Alonguei-me um pouco no intróito (na verdade, divaguei, viajei na maionese) para preparar a narrativa de um encontro que o acaso (aí sim, fruto da sorte) me proporcionou anos atrás com um destes gênios. Conforme já contei aqui neste espaço, no início dos anos 80 implantei um sistema de contabilidade na Prefeitura de Londrina, fato que exigia constantes deslocamentos àquela cidade. Semana sim, semana não, lá estava eu nas segundas-feiras pela manhã no Aeroporto Afonso Pena, a caminho da “Capital do Café”, com retorno acontecendo normalmente nas sextas-feiras à noite ou, em casos fortuitos, sábados ou até mesmo domingos.

Pois bem, numa destas sextas-feiras, lá estou eu executando os procedimentos de pré-embarque quando o pessoal de terra comunica a todos que, por um defeito qualquer na aeronave, o vôo somente aconteceria na manhã de sábado. Segue-se aquele alvoroço habitual numa situação dessas - pessoas mal-humoradas tentando a transferência do bilhete para a companhia concorrente, outras carregando de volta as malas, ao mesmo tempo em que proferiam comentários nada elogiosos à empresa e seus funcionários, gente à busca de informações, enfim tudo aquilo que nossa herança cultural ibérica aceita. Juntamente com o analista de uma empresa multinacional, mais tarde conhecida como “Big Blue”, ficamos no aguardo dos acontecimentos. Serenados os ânimos, pudemos ir ao balcão para negociar nossos direitos (como não estávamos em trânsito, éramos considerados “da terra”, portanto sem direito algum). Argumentos, contra-argumentos, tréplica e enfim chegamos a um acordo - a companhia nos levaria de volta ao centro e nos hospedaria em um hotel, às suas expensas, e assim foi.

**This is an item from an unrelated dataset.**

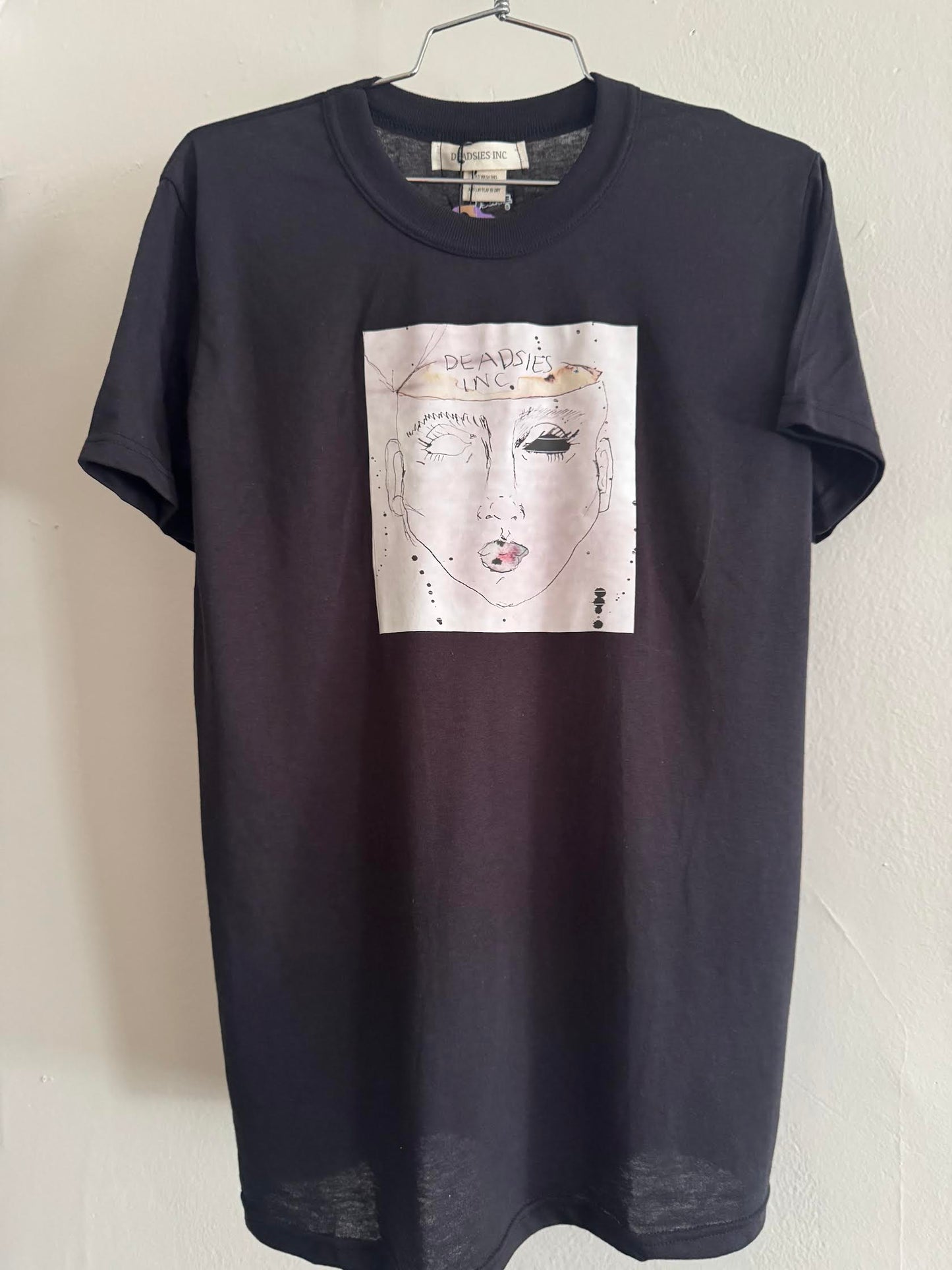 evil eye tee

Nada digno de registro ocorreu entre check-in no hotel e a manhã seguinte, pelo menos que eu saiba. Pela manhã, ao entrar no salão onde era servido o café, eis que numa das mesas avisto um senhor de cabelos e barbas brancos, com aquele ar de avô a que toda criança deveria ter direito por lei. Imediatamente o reconheci - era o doutor Albert Sabin, que tinha ido proferir uma palestra na Universidade Estadual de Londrina. Não sou afeito, aliás, abomino aquelas pessoas que ficam emitindo gritinhos histéricos frente a “personalidades” normalmente tão descartáveis como elas próprias. Mas, pára aí. Esta não é uma pessoa qualquer. Trata-se de alguém cujos séculos que virão saberão continuar a tratar com o respeito que lhe é devido. Afinal, não é todo o dia em que alguém consegue ser um dos responsáveis pela erradicação de uma moléstia que aflige a humanidade desde sempre. Mas fiquem tranqüilos. Minha índole e o respeito à pessoa do doutor Sabin impediriam qualquer tentativa de manifestação explícita de tietagem, ainda mais num salão de café matinal. Pacientemente aguardei sua saída do salão, no lado externo, junto à porta. Pouco tempo e lá vem ele. Capricho no meu inglês, com respiração contida:

-“Doctor Sabin?” A reação foi inesperada.

-“No, no... Por favor...”, em voz alta e com aquele sotaque típico.

Um pouco decepcionado, mas entendendo que havia tentado ultrapassar uma barreira sem que fosse autorizado para tal, eu o acompanhei com os olhos, enquanto ele entrava no elevador. Refeito, fiz o mesmo, subi, apanhei as malas e desci para o check-out. Chegando ao balcão da recepção, notei que o doutor Sabin estava sentado num dos sofás da recepção, provavelmente aguardando alguém. O que ocorreu em seguida mostra a dimensão da sua pessoa. Enquanto assinava a nota, notei que ele se aproximava de mim, com um ar paterno:

- “Você queria me dizer algo?”, disse em inglês ao chegar próximo de mim (relatarei com tradução simultânea, embora de má qualidade, pois meu inglês está muito pior).

- “Minha mulher e eu somos admiradores de seu trabalho. Ela é bióloga e sempre comenta a importância de seu trabalho em sala de aula”, respondi também em inglês, àquelas alturas para lá de claudicante.

- “E gostaria de um autógrafo seu para ela”, continuei, já estendendo uma caneta esferográfica de plástico branco, com letras azuis, provavelmente propaganda de alguma firma, que estava no meu bolso. Surpreendentemente, respondeu ele, num português firme, embora com sotaque:

- “Mas é claro... Você tem um papel?”

E num pedaço de papel azul claro que apanhou sobre o balcão, escreveu em bom português: “Tudo de bom para sua esposa. Albert B. Sabin”.